__DATA SEGMENT__.
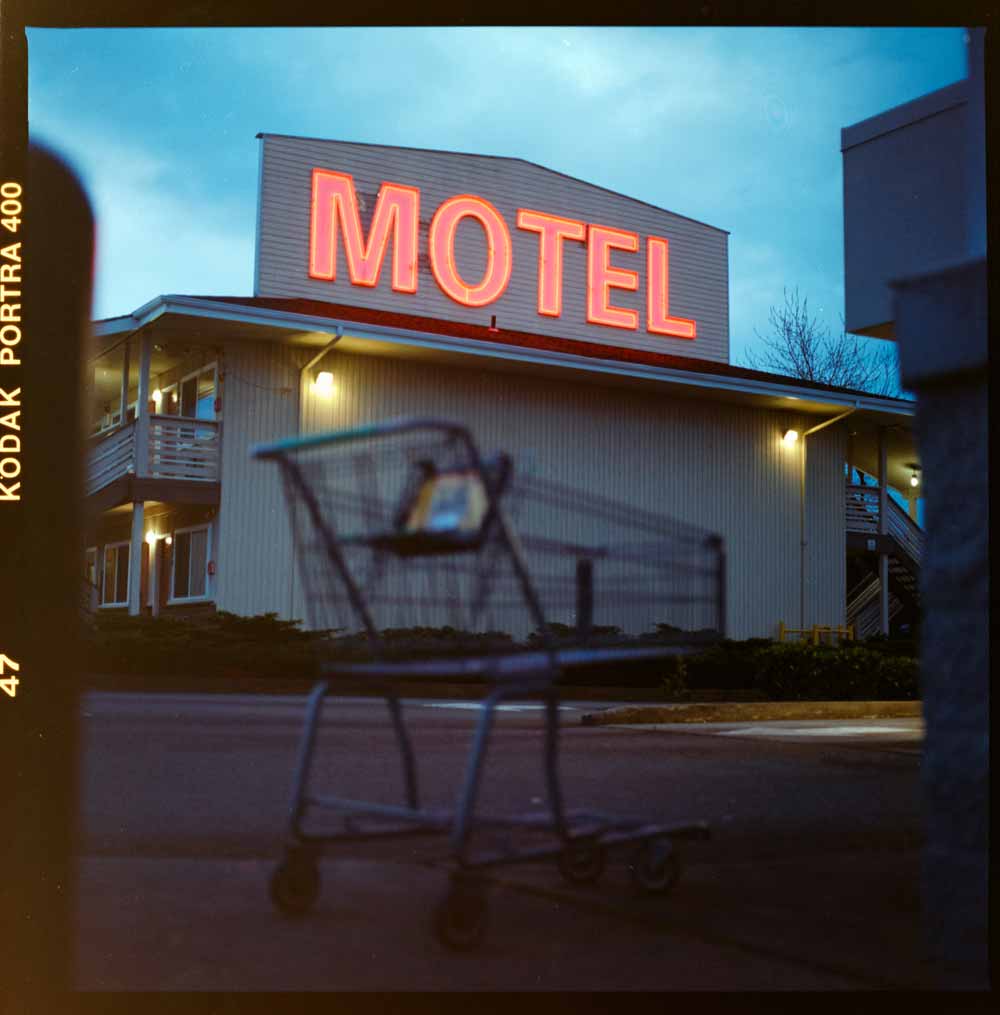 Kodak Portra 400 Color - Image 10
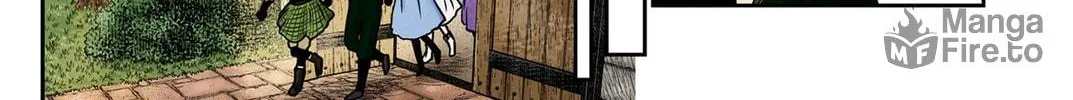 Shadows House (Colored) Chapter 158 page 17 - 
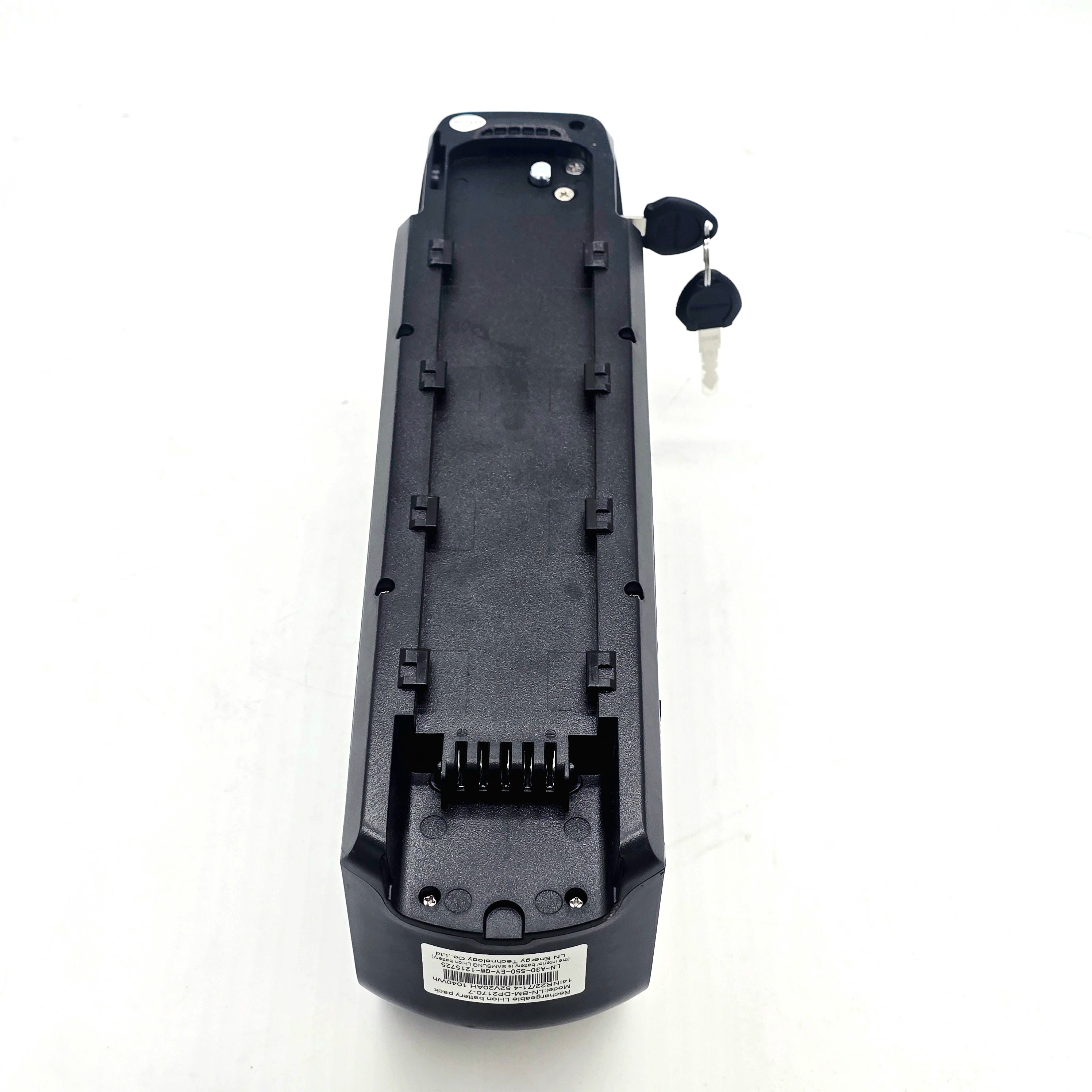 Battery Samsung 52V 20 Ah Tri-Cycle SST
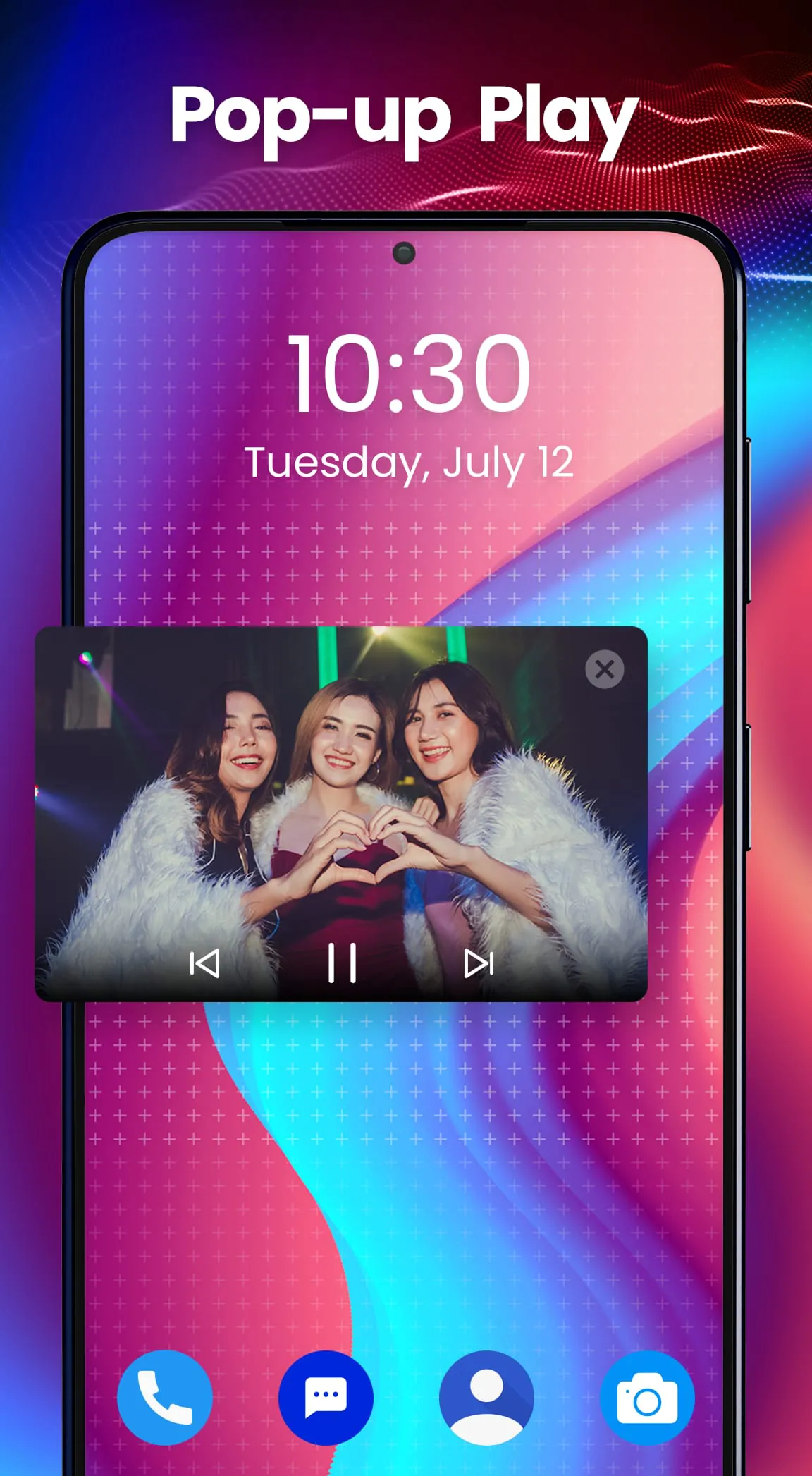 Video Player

__WHAT THE EXERCISE ASKS__. An exact transcript of the listing is needed, free of pictures.

__TASK ANSWER__.
 Kodak Portra 400 Color - Image 10
 Shadows House (Colored) Chapter 158 page 17 - 
 Battery Samsung 52V 20 Ah Tri-Cycle SST
 Video Player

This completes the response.